Nama says value of Project Eagle assets rose by 2-3% ‘at best’

Agency disputes claims that value of assets in portfolio has risen by 20% since it was sold to US group Cerberus

Nama has disputed claims that assets in the controversial €5.7 billion Project Eagle portfolio have risen in value by as much as 20 per cent since they were sold. (Photograph: Cyril Byrne / THE IRISH TIMES)
Nama has disputed claims that assets in the controversial €5.7 billion Project Eagle portfolio have risen in value by as much as 20 per cent since they were sold. (Photograph: Cyril Byrne / THE IRISH TIMES)
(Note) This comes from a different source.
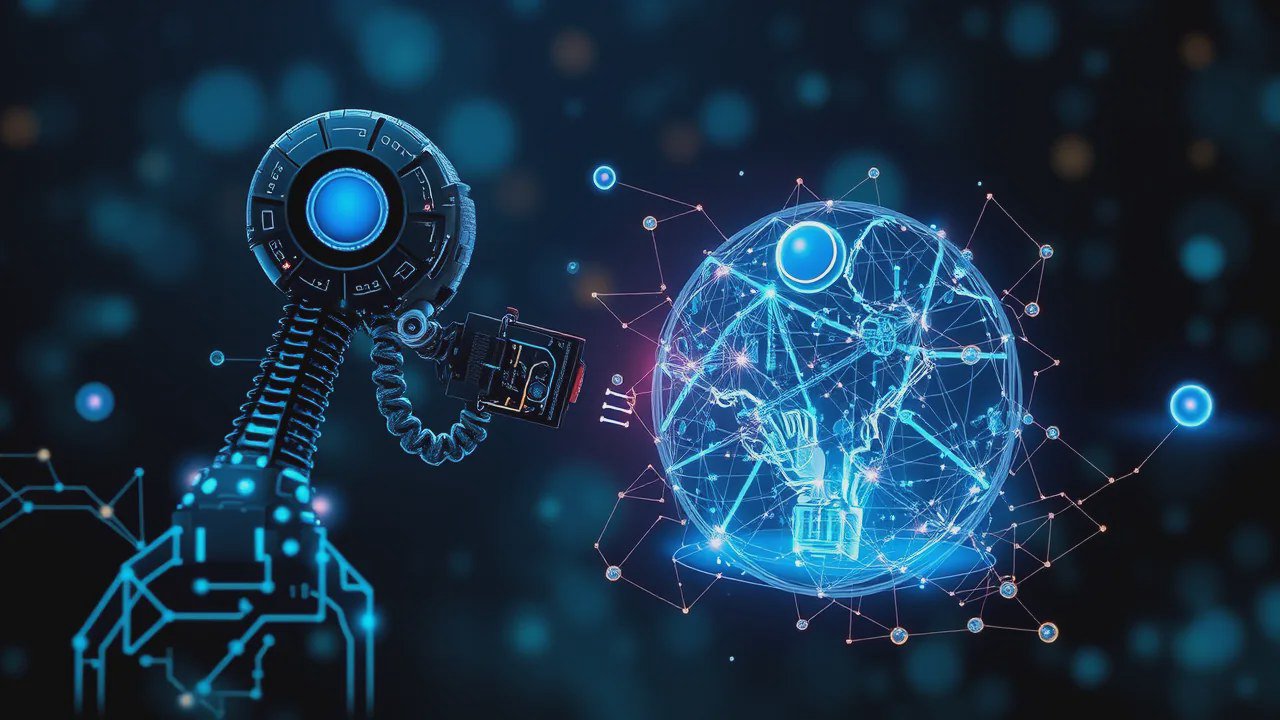 AI trong storytelling multimedia: Giữ bản sắc AI trong storytelling multimedia: Giữ bản sắc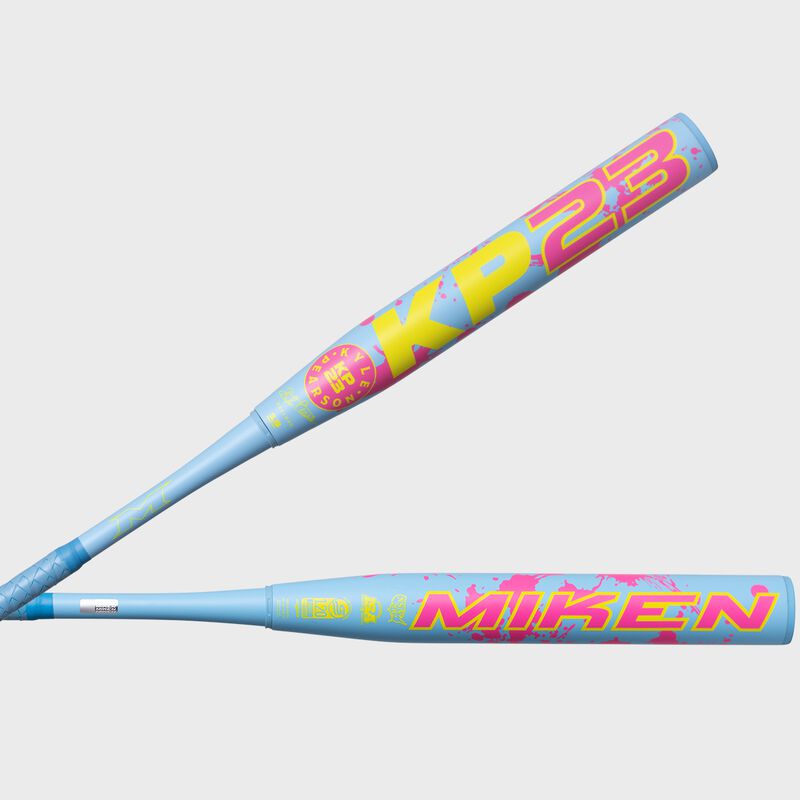 Miken 2026 KP23 2-Piece Maxload 13" USSSA Slowpitch Bat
The National Asset Management Agency (Nama) has disputed claims that assets in the controversial €5.7 billion Project Eagle portfolio have risen in value by as much as 20 per cent since they were sold.
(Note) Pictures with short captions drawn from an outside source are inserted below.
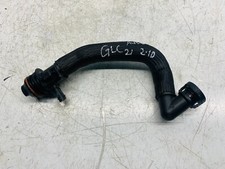 MERCEDES-BENZ GLC300D VALVE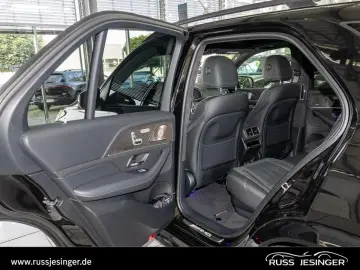 AMG GLE 53 HYBRID 4M   AHK 360 Burm Pano Distr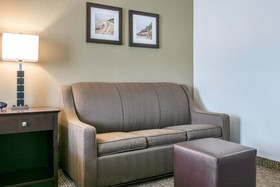 Comfort Inn & Suites Porter Near Indiana Dunes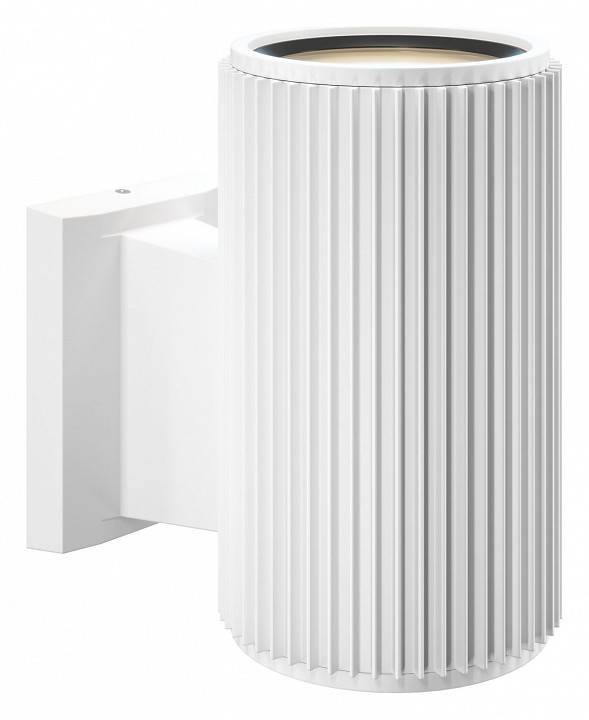 Настенный светильник Maytoni Rando белый O419WL-01W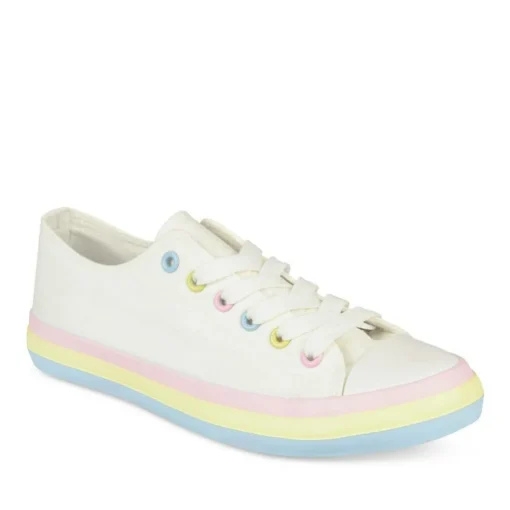 Sneakers WIT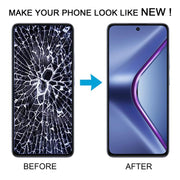 For OPPO K13 5G CPH2729 OLED LCD Screen with Digitizer Full Assembly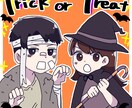 絵柄広め。幅広いイラストのご依頼受けたまわります ご要望に沿ったイラストになるように全力で描かせて頂きます！ イメージ2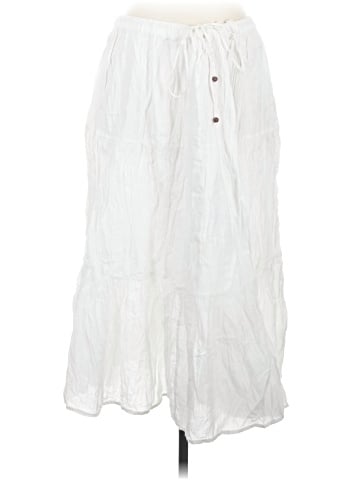 White Stag Casual Skirt (view 1)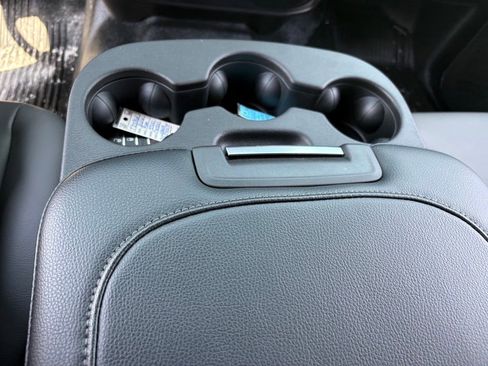 New 2026 RAM 5500 Tradesman image 18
In a letter to the Committee of Public Accounts (PAC) sent on Monday, the agency’s head of relationship management Martin Whelan wrote that the value of the assets in the Project Eagle portfolio would have increased, “at best” by a maximum of 2-3 per cent. Given the funding and management costs, Nama would have made “little or no gain” from keeping the portfolio, he said.

The letter was sent on the same day the PAC said that it would widen its probe into the uplift in values of assets included in Project Eagle, as well as other transactions.

In his letter, Mr Whelan referred to “inaccurate” reports suggesting that the value of the Eagle portfolio has increased by 20 per cent since the sale of the assets.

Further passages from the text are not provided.